Hockey is a sport that has long been misunderstood. Its gameplay is fundamentally volatile, spontaneous and difficult to follow. There are countless different factors that contribute to a team’s chances of scoring a goal or winning a game on a nightly basis. While many in Canada would beg to differ, ice hockey still firmly occupies last place in terms of revenue and fan support amongst the big four major North American sport leagues (NFL, MLB, NBA, & NHL). As such, hockey is on the whole overlooked and is often the last to implement certain changes that come about in professional sports.
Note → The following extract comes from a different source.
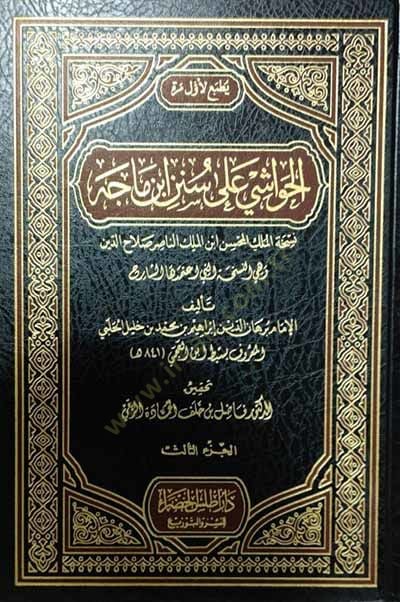 el-Havaşi ala Süneni İbn Mace  - الحواشي على سنن ابن ماجه
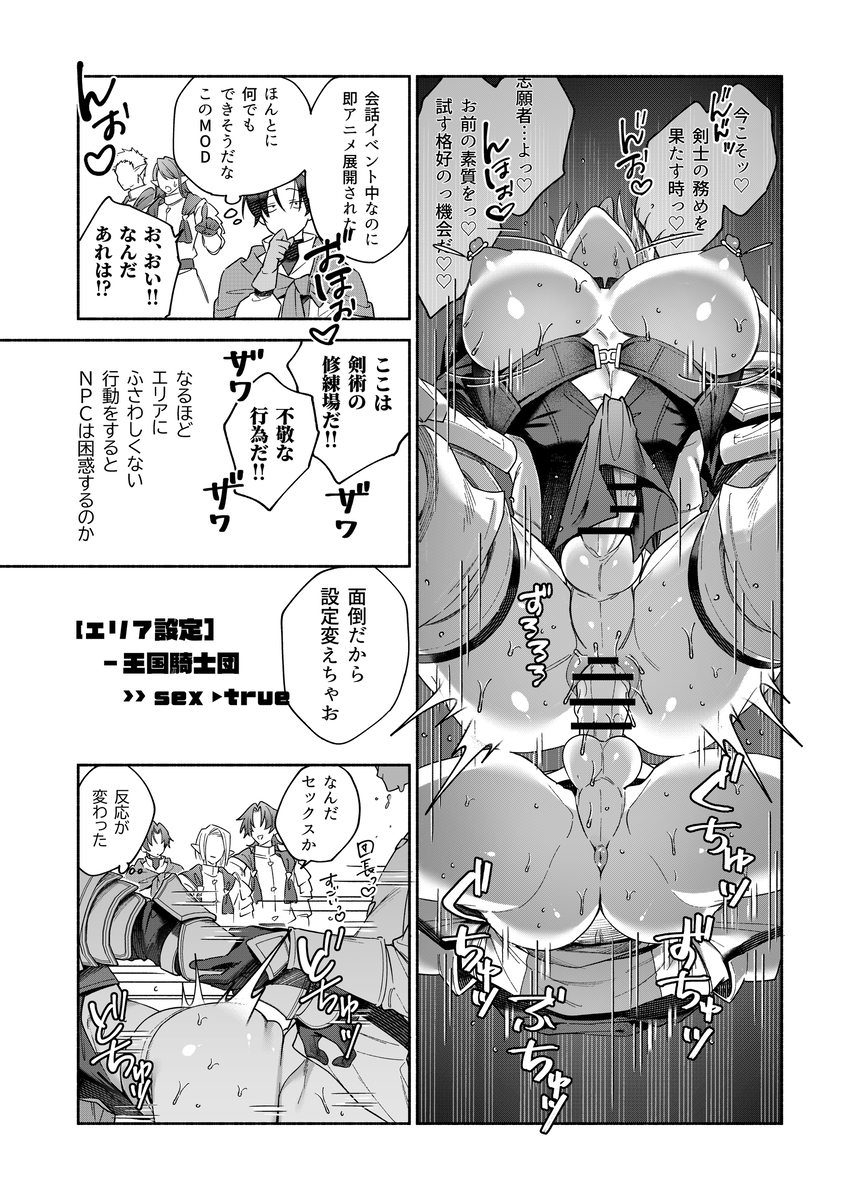 エロ漫画「MODでNPCにわからセッするおはなし！」サンプル6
The idea of a set of advanced statistics that would offer better insights into the game arose as other major sports leagues, starting with Major League Baseball, began looking beyond superficial characteristics and searching for the underlying numbers influencing outcomes. Coaches, players, and fans alike have all been subjected over the years to an epidemic failure to truly understand what is happening out there on the ice. This is the motivation behind the hockey analytics movement: to use data analysis to enhance and develop our knowledge of ice hockey and inform decision-making for the benefit of all who wish to understand the sport better.
Another barrier to progress in the field of hockey analytics is the hesitance of the sport to embrace modern statistics. Most casual fans are familiar with basic stats such as goals, assists, PIM, and plus/minus. But do these stats really tell the full story? In fact, most of these are actually detrimental to the uninformed fan’s understanding of the game. For starters, there is usually no distinction between first and second assists in traditional stat-keeping. A player could have touched the puck thirty seconds earlier in the play or made an unbelievable pass to set up a goal, and either way it still counts as a single assist on the scoresheet. Looking only at goals and assists can be deceiving; we need more reliable, repeatable metrics to determine which players are most valuable to their teams. Advanced stats are all about looking beyond the surface and identifying what’s actually driving the play.
So, what are these so-called “advanced stats”? Let’s start with the basics.
PDO: PDO (it doesn't stand for anything) is defined as a team’s save percentage (usually 5v5) + shooting percentage, with an average score of 1. If you only learn one concept, it's this one. It is usually regarded as a measure of a team or player’s luck, and can be a useful indicator that a player is under/over performing and whether a regression to the mean (back towards 1.000) is likely. This will not happen in every situation, of course, but watch for teams that have astronomic PDOs to hit a reality check sooner rather than later. Team PDO stats can be found on corsica.hockey’s team stats page.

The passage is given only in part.